Meanwhile, Walmart, like other enviro-friendly companies like Amazon and Costco, is doing its best to become greener still by luring customers to shop its website. It is much more environmentally beneficial for Walmart to ship my socks and my garden tools directly to my door than for me to drive to the mall to pick them up. Delivery trucks use complicated mathematical algorithms to make the most deliveries with the least use of fuel and time. That’s especially true because Walmart is clearly dreaming of the day when it can cut back on expensive stores and sell more of its products directly through the web.

5 comments:

allen (in Michigan) said...

So what are you unsure of?

The author's just laying out a particularly large-scale but clearly-defined example of the results of capitalism. The history of capitalism is literally a constant stream of exactly the same sort of thing. It's the process of making a relatively small number of people explicitly richer by making much larger numbers of people implicitly richer, i.e. making the stuff they buy cheaper.

If blacksmith Black figures out a way to shoe your horse for a dollar and make a profit and blacksmith Smith refuses to budge on his use of older, more expensive methods that cost two dollars then blacksmith Black will prosper greatly but all his customer's will prosper every time they utilize his services. They'll have a dollar they otherwise wouldn't have had. In a nutshell, that's Wallmart.

The reason greenie-weenies, and lefties in general, are opposed to Wallmart is just because it is a large-scale, wide-spread example of capitalism in action and the essence of capitalism is freedom of choice. The more freedom people have the more difficult it is for their superiors to impose their superior values on "the mases" which, if you step back and examine leftie policy is inevitably at the heart of leftie policy.

Thing is, there's not much point in arguing with them. The same motivation that creates back seat drivers creates lefties. Lefties just have grander aspirations but are just as immune to argument or reason. Directing other people's lives is what they do, who they are and all they're capable of so like the back seat driver the most that can be done with them is to grit your teeth and ignore them.

Anonymous said...

That is partially true insofar as it affects packaging, but not really true insofar as it affects overall cost.

From an economic standpoint, it's cheaper to build things in a Chinese factory, with workers getting paid $1/day, no environmental controls on factory emissions, and power produced from coal plants with equally bad environmental controls. those goods are then sent to the US.

From an environmental standpoint, that isn't ideal.

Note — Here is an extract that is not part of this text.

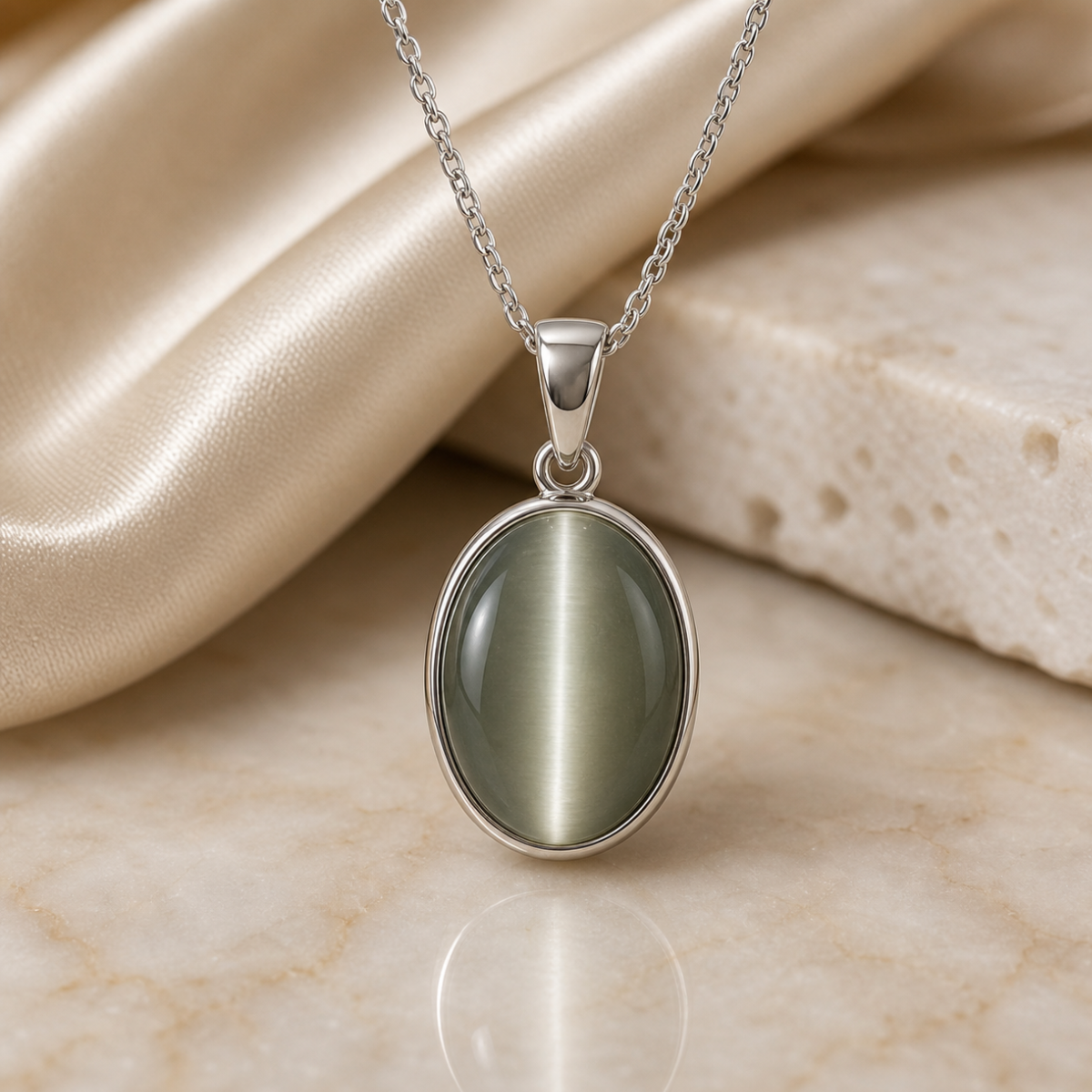 Cat’s Eye (Lehsunia) Protection Pendant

The search for cost has a variety of benefits, but the main pressure is to push production to cheaper, less regulated, areas of the world.

Rose said...

So which is it?
The initial argument is that having everything delivered to one central location saves gas compared to having delivery trucks drop off goods at every Mom and Pop retailer in town.
Later in the piece, it says that online shopping is even greener b/c having socks and garden tools delivered to my house saves gas. How is it more fuel efficient to deliver to every house in town but not to every Mom and Pop retailer? I guess it assumes I just stay at home wearing my socks and using my garden tools and I never go anywhere? Not a very realistic scenario.
I'd rather have quality service and goods than tons of packaging, lousy service and cheapo crap that breaks as soon as you use it. 'Cause all that junk that breaks so easily isn't making the planet any greener when it ends up in the landfill.

Darren said...

Rose, I think you misunderstood. It said that delivery trucks will be more efficient than *you* would be.

allen (in Michigan) said...

Oh anonymous, you really ought to keep up with the news.

Chinese wage rates are rising so quickly that western Chinese cities are now the new frontier for cheap labor and some of the Chinese governments concerns about development and prosperity being limited to the eastern cities is starting to ease.

Interestingly enough, as China's per capita income has risen concern about the environment has increased. Turns out that when you're concerned about starving to death air quality is of secondary importance but once a full belly's assured less urgent concerns start to get addressed.

By the way, now you see the true beauty of capitalism. Capitalism, as it pushes production to cheaper, less regulated, areas of the world, makes them more expensive, more regulated areas of the world. That's a feat all the hand-wringing and Kumbaya-singing have never accomplished.